Standing on the Edge – Boyfriend VS. FWB

October 1, 2023 admin 0 Comments

A wonderful dinner with good quality friends can be very theraputic. And this dinner was no exception. I went to dinner with a friend of mine going through a very similar breakup/divorce situation as mine was  with a couple of exceptions. Kerry and I were not married and his husband did not die, Other than that, very similar situations. LMAO.

We had dinner at one of my favorite sushi restaurants and we chatting about what has been going on in our fucked up lives. I gave him the run down on what all had transpired with Kerry. We started with the initial breakup, the impending lawsuit with judges. The quick settlement in my favor. We ultimate ended with Kerry’s death and the roll over crash in Kansas. I shed some tears talking. We both did.

Then I turned to my friend and ask him what was going on with him. His divorce took me by surprise. He and his husband had recently thrown their big summer pool party in their beautiful back yard. It was mere weeks after that he announce the split on social media.

I stepped out on a limb and I told him I always hated his husband because I could see he liked to run the show and was very pushy about it just like Kerry had been in our relationship.

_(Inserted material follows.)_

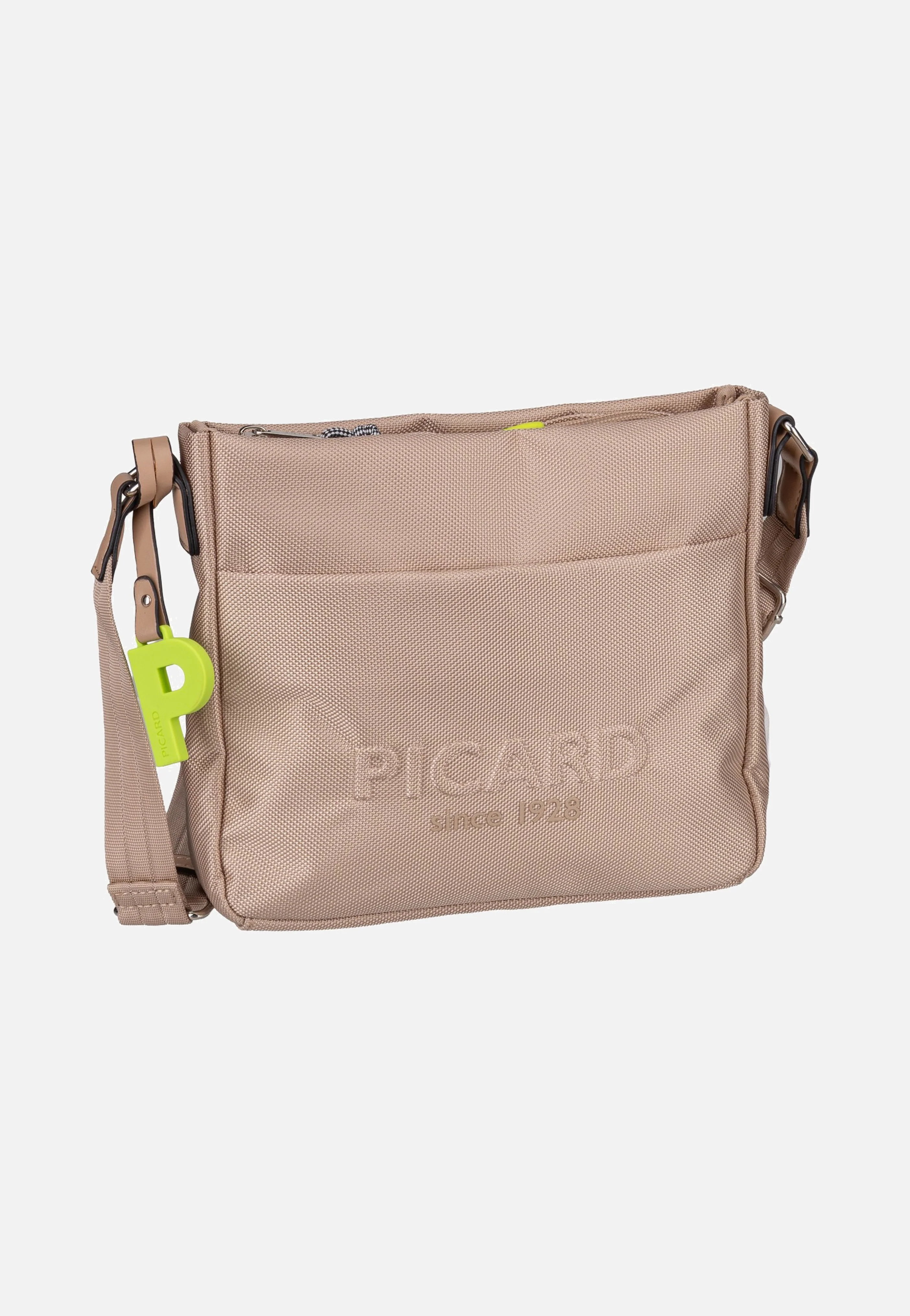 Lucky One 3241 Sand - Crossbody Bag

I always caved to what Kerry wanted. from the colors we painted in the house, to they type of cars we drove and the color of those cars. I kept my mouth shut and just wrote out the checks. My opinion did not matter.

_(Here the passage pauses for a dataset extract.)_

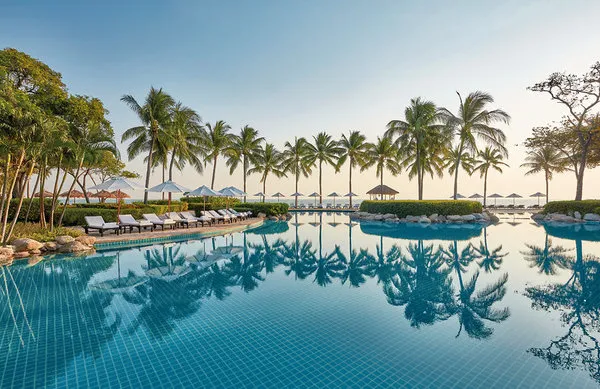 Hyatt Regency Hua Hin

Case in point, when I bought my latest Camping trailer that I totally love, he never wanted to see the inside of it. I had always assumed he would continue to go camping with me in the new fancy trailer. But because he was not part of the decision and ultimately didn’t sign off on the purchase, he refused to even step inside. When I asked him he finally said, “That’s your thing, not mine.”

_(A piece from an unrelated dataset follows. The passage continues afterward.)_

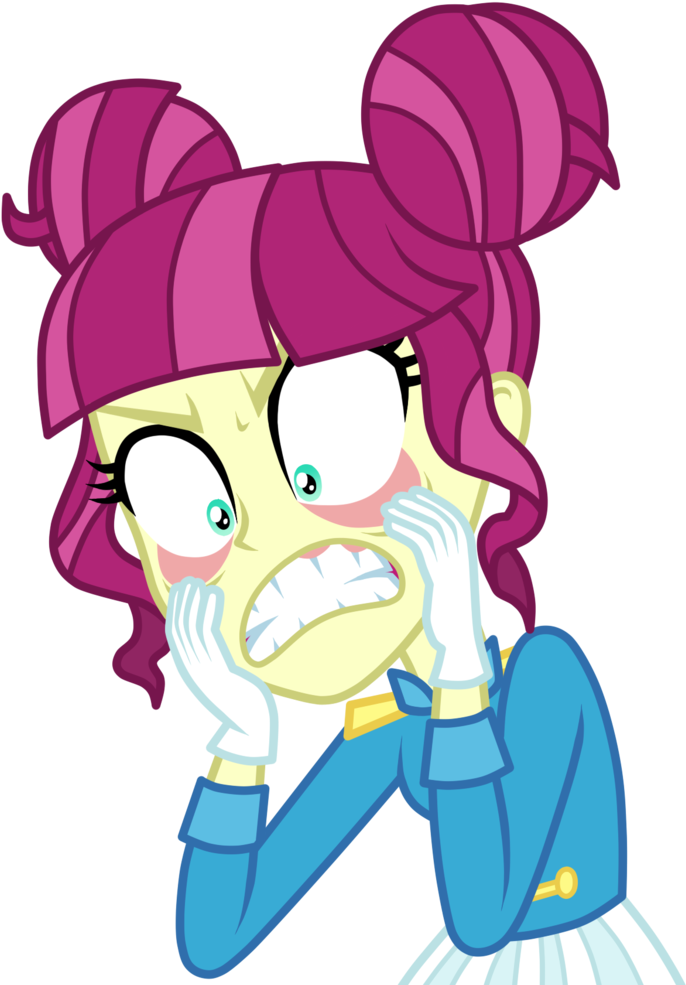 Mixiepie, Background Human, Clothes, Commission, Equestria - Comics (726x1024)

Now I don’t know where “Thing” he was referring to was the trailer, or the actual camping because he always went camping with me in the previous trailer. We had a ton of fun in it. I don’t really care. Once he told me that, I made sure I personalized my trailer to my tastes and preferences. I love it. 🙂 His loss.

Which leads me back to my friend and his current situation. He husband is a shitty person and I told him such. I apologized for my boldness. it irritates the fuck out of me that we allow ourselves to become slaves to the relationship and not hold to our own values and self worth. His partner is dragging him and his good name through the mud. All out of spite. He knows he will not be able to be kept in the lifestyle he has become accustomed to with him friend. I just want to punch him for my friend.

So why the title of the article you ask?

I am scared. I don’t currently trust myself. I have anxiety about getting close to another person because of the past PTSD I experienced with Kerry. It becomes evident in trying to date Josh. I had not clue how to understand my feelings or thoughts. I gave into Kerry and withheld a huge part of me for the sake of keeping a failing relationship together for 25 years.

With Josh, I was willing to accepts his scraps of time. I had to be ok and happy with getting an hour here or an hour there. And I felt I could not say anything about it. The one time I did, I got put in my place. I became the whimp again. Passive and willing to put myself last. NO FUCKING WAY!

It made me think and Jake brought this to my attention when he said he is mad at me for the way I denigrate myself. It makes sense. So while I am working on myself, why not just have a fuck buddy or a friend with benefits, FWB?

I mean GOD, I have needs. Needs that have been shut down for so long that I feel like a 25 year old again with raging hormones. I FUCKING WANT SEX! I don’t have to be dating or in love with someone to have sex with them. Truthfully, it is probably for the better if I am not wanted to be involved with them because I have a lot of shit I need to do for myself. Clearly.

I would though, rather have a FWB than just a fuck buddy. I do like the connection and the friendship. when I watch guys on OnlyFans, (WHAT? QUINN WATCHES PORN? SHOCKER.) And I see they routinely hook up with their friends, I think Why the fuck can’t I do that.

I can separate the friendship from the sex act. I mean it is only sex. it does not mean I want to change the dynamic of our relationship. Not at all. There I said it! I am on the hunt for a FWB. Let it be known world.